THE IMPORTANT PLACE OF UMUNNA IN IGBO NATION

THE IMPORTANT PLACE OF UMUNNA IN IGBO NATION

Back to our origin and history as Igbo people, the Umunna, which Chinua Achebe tried so much to portray in his novel, Things Fall Apart, occupy an important place in the life of every Igbo person. Igbos have had their own unique system of communal living which shaped their life and history as a people. Your connection to your source is dependent on your connection the umunna. Umunna symbolized brotherhood and oneness. It symbolizes unity and the innate virtue of the Igbo man and woman to live with the consciousness of his or her connection to other members of the Igbo community.

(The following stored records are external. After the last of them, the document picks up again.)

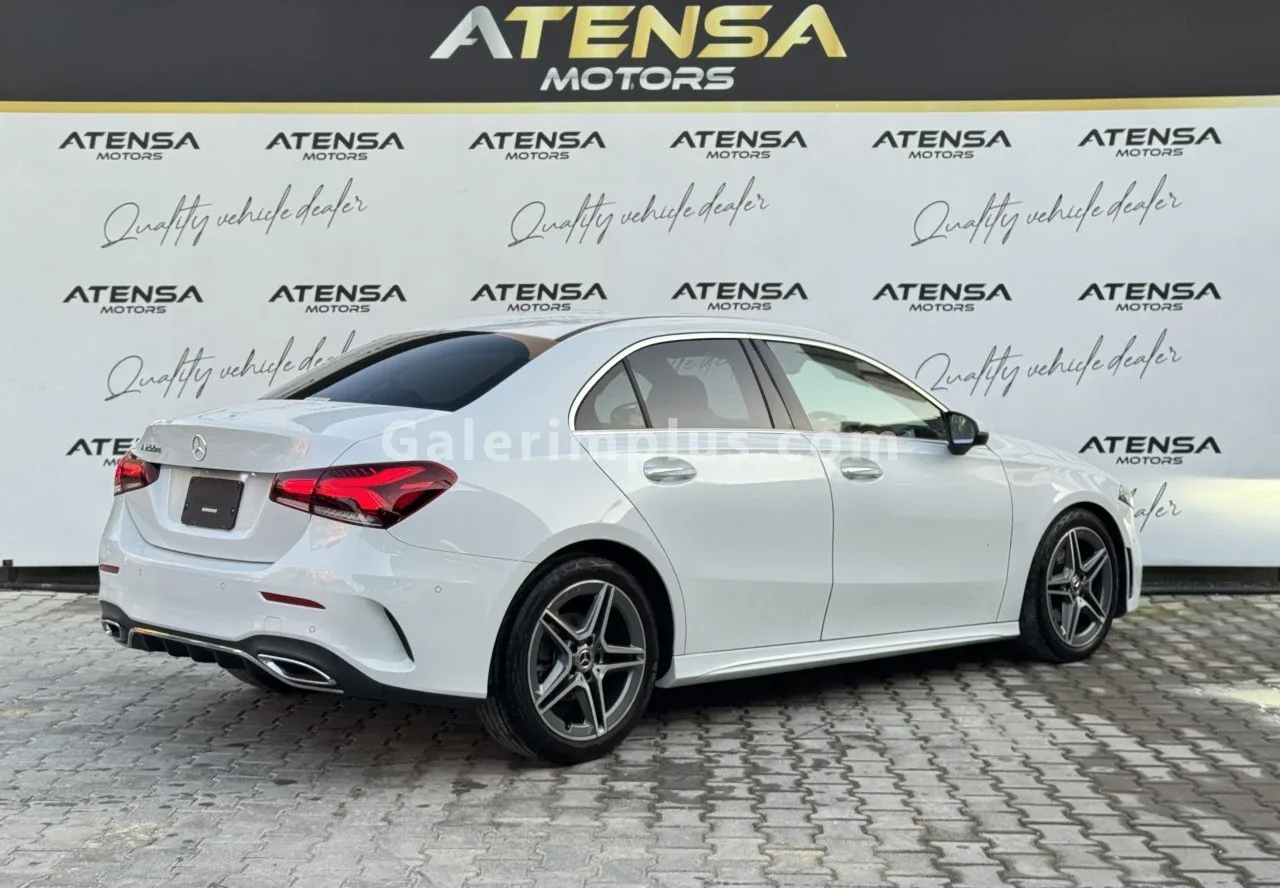 2023 Model Otomatik Mercedes-Benz A Serisi A 200d Lefkoşa Satılık İkinci El | GalerimPlus - Fotoğraf 1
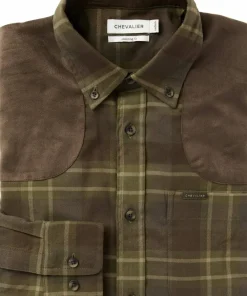 New Men's Chill Coolmax Shirt Jakt|Herrtröjor & Skjortor
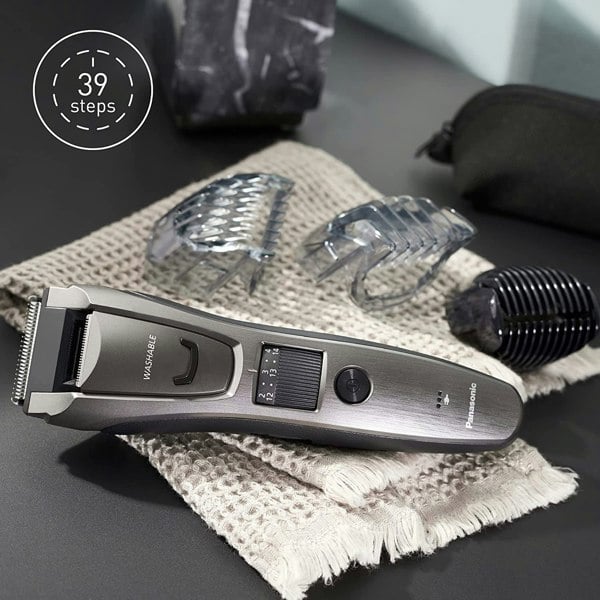 Panasonic ER-GB80 Beard Hair and Body Trimmer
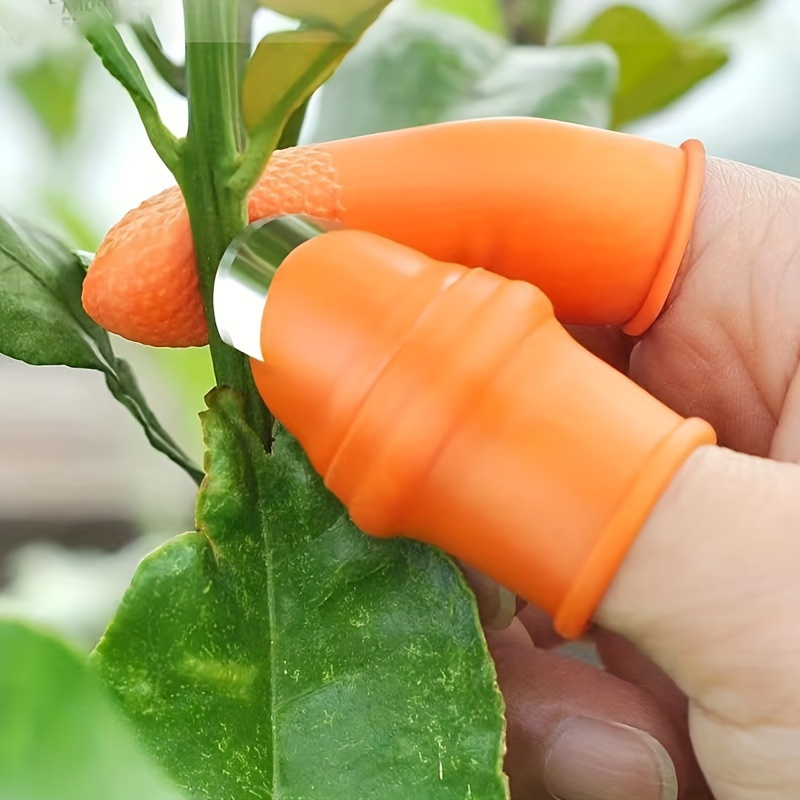 Silicone Finger Protector for vegetables cutting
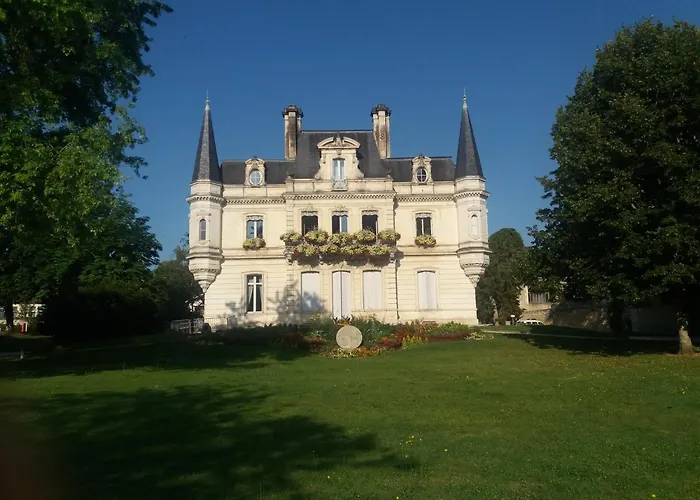 Maison Belle Vue Vakantiehuis *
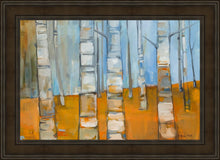 Load image into Gallery viewer, Winter Aspens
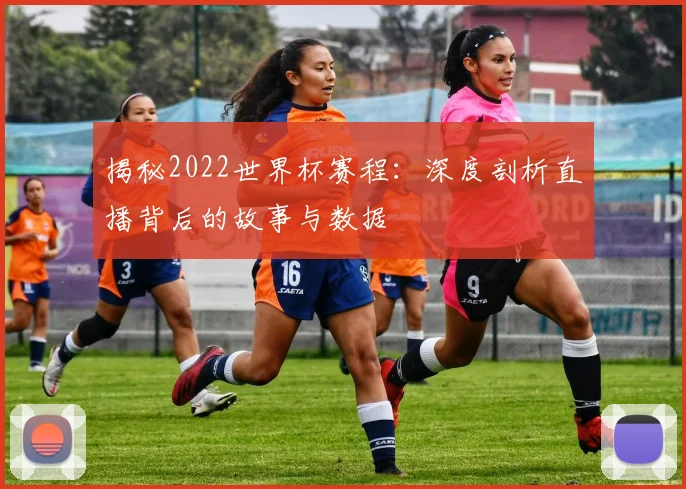 揭秘2022世界杯赛程：深度剖析直播背后的故事与数据
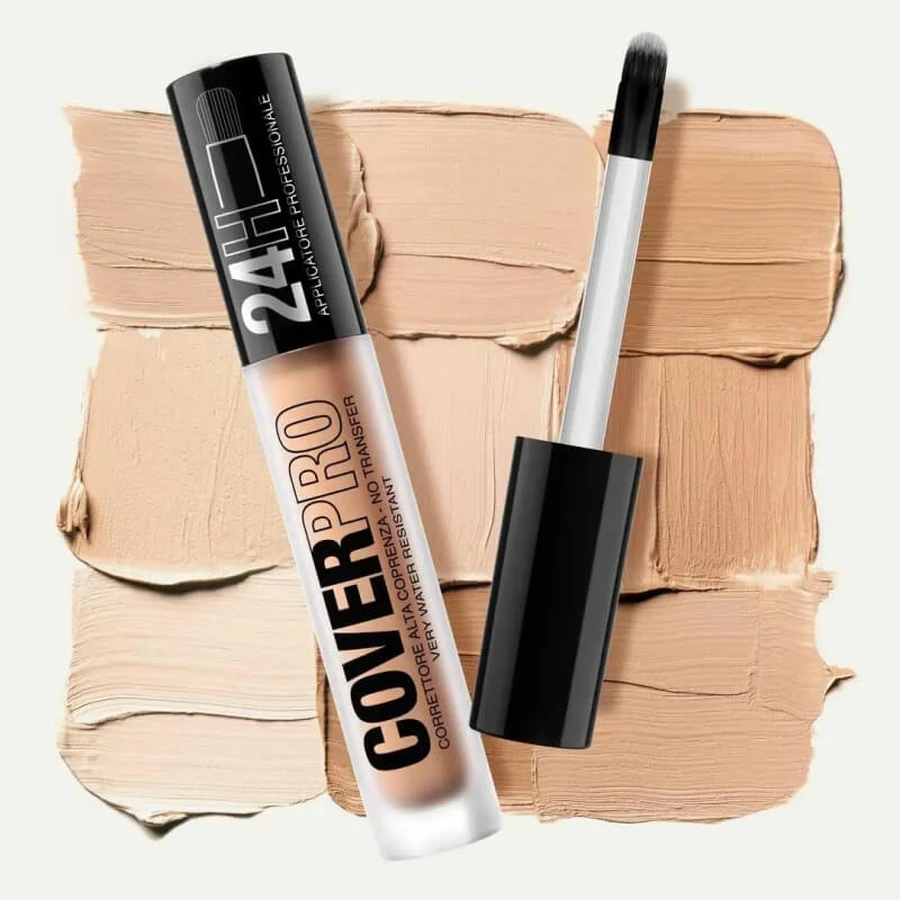Bellaoggi Coverpro 24h - High-Coverage Concealer No. 003 Nougat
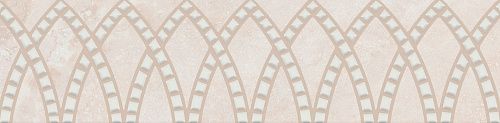 Бордюр KMB3STA021BR Литос бежевый светлый матовый обрезной 30x7,2x0,9, Kerama Marazzi (Керама Марацци)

The Kingdom of Nri was a religio-polity, a sort of theocratic state, that developed in the central heartland of the Igbo region. The Nri had seven types of taboos which included human (such as the birth of twins), animal (such as killing or eating of pythons), object, temporal, behavioral, speech and place taboos. The rules regarding these taboos were used to educate and govern Nri’s subjects. This meant that, while certain Igbo may have lived under different formal administration, all followers of the Igbo religion had to abide by the rules of the faith and obey its representative on earth, the Eze Nri.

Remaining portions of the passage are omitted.